Actually, fixing it did NOT help. See more below...

> | The problem is, even though I verified (debug statements) that the call
> | is being made, the memory is STILL not being released. If I run the 
> same
> | large query 3 times in a row, my memory use triples. Even if I log off
> | the session (my application) and invalidate the session, the memory is
> | still locked up and cannot be freed by the JVM.
> Can you post some (sanitized) code? Maybe you're still missing something.
My sanitized code looks exactly like the code you posted below.

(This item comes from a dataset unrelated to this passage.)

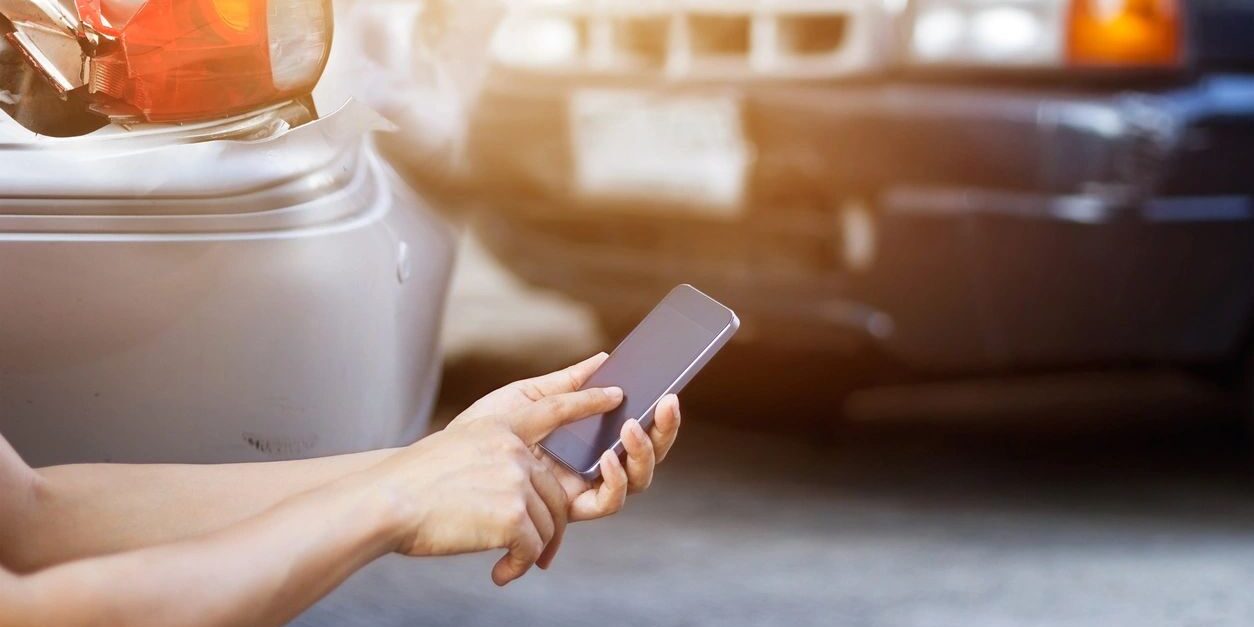 A person holding their cell phone in front of a car.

I put 
all my actual database work inside a DBMS class so that I could change 
it out anytime without messing the application, and it's worked well. 
Each different type of database access has it's own method (lookup, 
lookupList, insert, delete, update, etc...). Each method opens ONE 
connection, ONE statement and gets ONE resultSet. When I'm done, I close 
the resultSet and (now) the statement. I also have full exception 
handlers plus the necessary finally clause.

I also know from running my application that no exceptions are occurring 
during the memory leak (no output to the debug file).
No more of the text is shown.